Однако, чтобы зафиксировать это, Бердяеву пришлось пройти через соловьевский рубеж — учение о России как «Востоко-Западе» [10, с. 524]. В этом стягивании полюсов в единое целое содержался своеобразный ответ на чаадаевский вызов — афоризм № 106. В человечестве возможна, помимо «Востока» и «Запада», и «третья сторона», утверждал Бердяев. Опыт русского коммунизмазаставил его возвратиться к самому истоку антиномической логики «русской идеи» — к чаадаевскому постулату равной необходимости и невозможности воплощения христианства в русской истории. Но этот возврат оказывается способом превращения структуры мысли (антиномизм) в содержательный трагизм истории «русской идеи». Эта история есть вечный спор «идеи» и «эмпирии», череда подмен Божьего замысла о России как свободной коммюнотарности («персоналистический социализм») то идеей «Москва—Третий Рим», то идеей «Москва—Третий Интернационал»...

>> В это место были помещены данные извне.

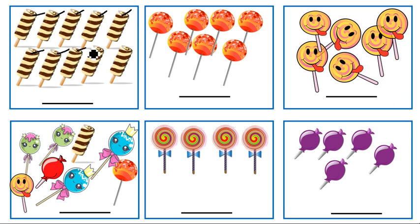Count here: one, two, three, four, five, six, seven, eight, nine, ten. There are ten lollipops here. Write the number ten. Very good. Count here: one, two, three, four, five, six, seven. There are seven lollipops here. Write the number seven. Correct.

На мой взгляд, не случайно именно Бердяеву довелось свести «концы с концами» в логике «русской идеи». Эта логика изначально выстраивалась в рамках системы абсолютного, так сказать, провиденциального детерминизма. Для Чаадаева в идеальном порядке универсума не было места человеческой свободе. Свобода — лишь выражение человеческого несовершенства, и «если бы человек мог довести свою подчиненность до совершенного лишения себя своей свободы... это было бы высшей ступенью человеческого совершенства» [50, с. 55].

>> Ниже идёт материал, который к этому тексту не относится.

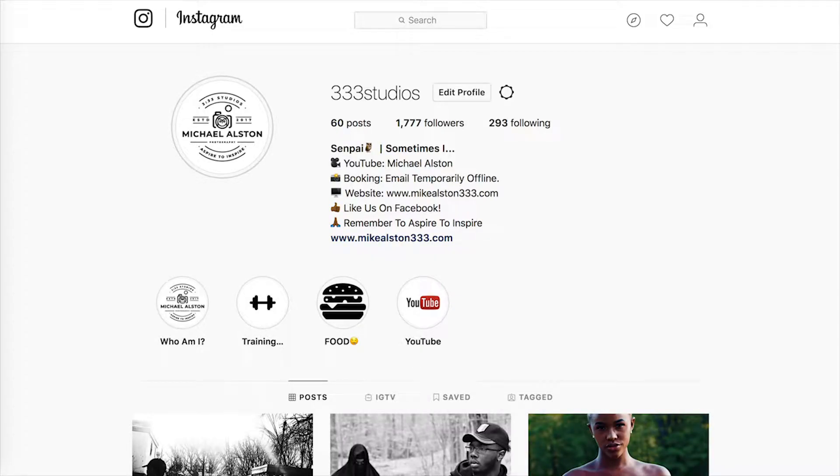Go cop yours. Big shout out to my boy 333 Studios, Mike Austin. Go follow him on all social media platforms — that is Facebook, YouTube, Instagram. Go follow him, go show him some love. This video wouldn't be possible without him.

В концепции Соловьева носителем свободы выступает лишь душа мира, своеволие которой оборачивается дисгармоническим хаосом тварного бытия и фундаментальной несвободой человека перед лицом неизбежной смерти. По сравнению с Чаадаевым мы видим обратную картину: человек несвободен здесь, в этом мире, но восстановление единства души мира и Софии или, точнее, становление человечества Богочеловечеством принесет человеку свободу. Как писал об этом Соловьев в «Оправдании добра», «только в другом, надмирском порядке, представляемом Вселенскою Церковью, может вообще человек иметь положительную свободу» [41, с. 510].

Для Бердяева, истолковавшего догмат о творении мира «из ничего» как творение мира из свободы, открылась совершенно иная перспектива. Человек изначально, «онтологически» свободен, его действительная «природа» — творчество как самооправдание и как единственный путь к самому себе. И только на этом (свободно-творческом) пути осуществляются «встреча и диалогическая борьба человека с Богом» [8, с. 212]. Таким образом интерпретированная история предполагает, разумеется, полный отказ от платоновско-шеллинговской онтологии, лежавшей в основе мышления Чаадаева и Соловьева. Эмпирическая история не может быть лишь «божественной комедией» с заранее расписанными ролями и предрешенным концом. Бердяев настаивает на Божественной (а равно и человеской) трагедии, финальная сцена которой еще только должна быть сотворена совместным усилием (и даже «борьбой»!) человека и Бога.

Но в таком случае и само отношение между «идеей» или «мыслью Бога» о русском народе и самим этим народом как историческим субъектом должно быть радикально переосмыслено. И Бердяев фактически осуществляет это переосмысление, когда последовательно отказывается от чаадаевских данностей (иными словами — обреченностей) русской истории. Первая данность — «огромность» России, пространственность как таковая, составляющая, по Чаадаеву, «всю философию» русской истории [50, с. 154]. Вторая данность — мощная и неограниченная власть самодержца-императора над постоянно расширяющимся пространством.

Именно в этом феномене — могущественнейшем земном царстве — видел Соловьев смысл бытия русского народа и через подчинение этого Царства Христу — осуществление «русской идеи».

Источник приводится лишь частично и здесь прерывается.